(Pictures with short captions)
* * * *

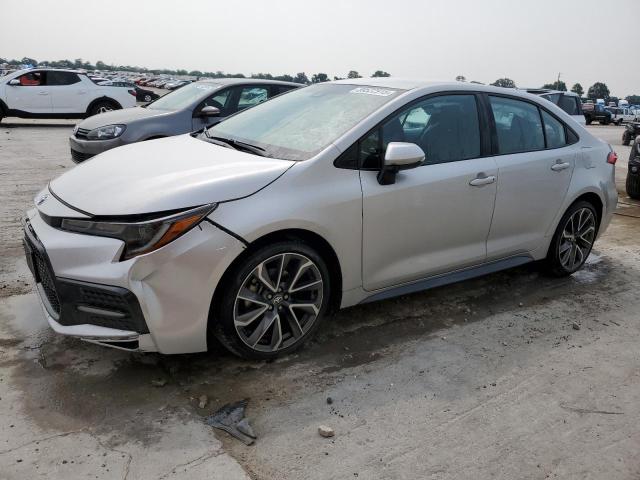 TOYOTA COROLLA SE 2022 with VIN 5YFS4MCE8NP102042 - Photo from auction
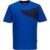 Portwest PW2 Mens Cotton Comfort T Shirt Royal Blue / Navy 2XL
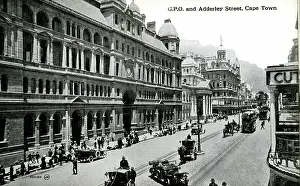 Adderley: Post Office and Adderley Street, Cape Town, South Africa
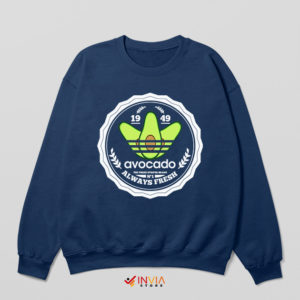 Avocado Festival Navy Sweatshirt Adidas Funny Sweaters S-3XL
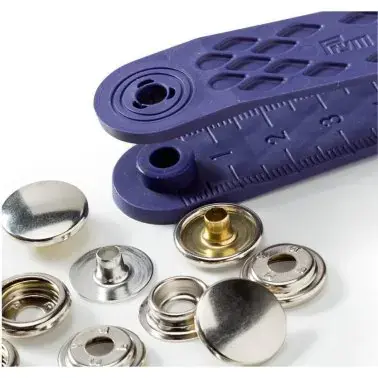 Vente Flash Boutons pression en laiton Ø12mm (10 pièces)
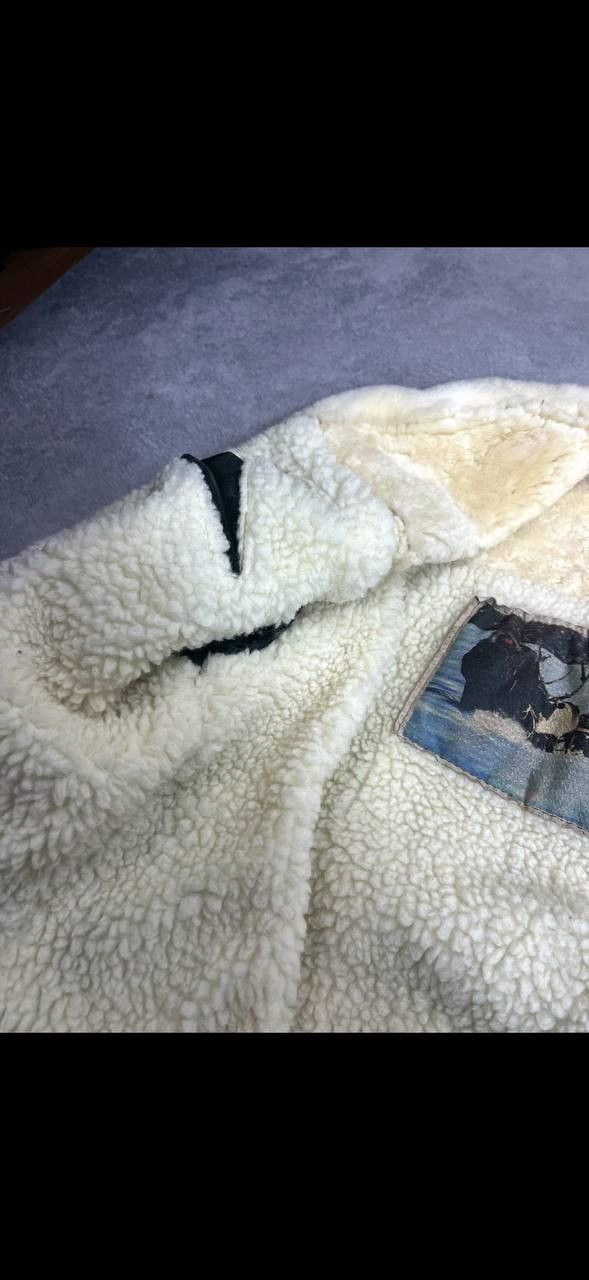 Japanese Brand Vintage Fur Mohair 90s Japan Style If6was9 Style jacket Size US M / EU 48-50 / 2 - 9 Thumbnail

* * * *

> _WHAT IS EXPECTED_:
Leave out the pictures. Transcribe only the lines above, from the first through the one that contains "Vente Flash Boutons".

> _REPLY TO THE TASK_:
 TOYOTA COROLLA SE 2022 with VIN 5YFS4MCE8NP102042 - Photo from auction
 Portwest PW2 Mens Cotton Comfort T Shirt Royal Blue / Navy 2XL
 Adderley: Post Office and Adderley Street, Cape Town, South Africa
 Avocado Festival Navy Sweatshirt Adidas Funny Sweaters S-3XL
 Vente Flash Boutons pression en laiton Ø12mm (10 pièces)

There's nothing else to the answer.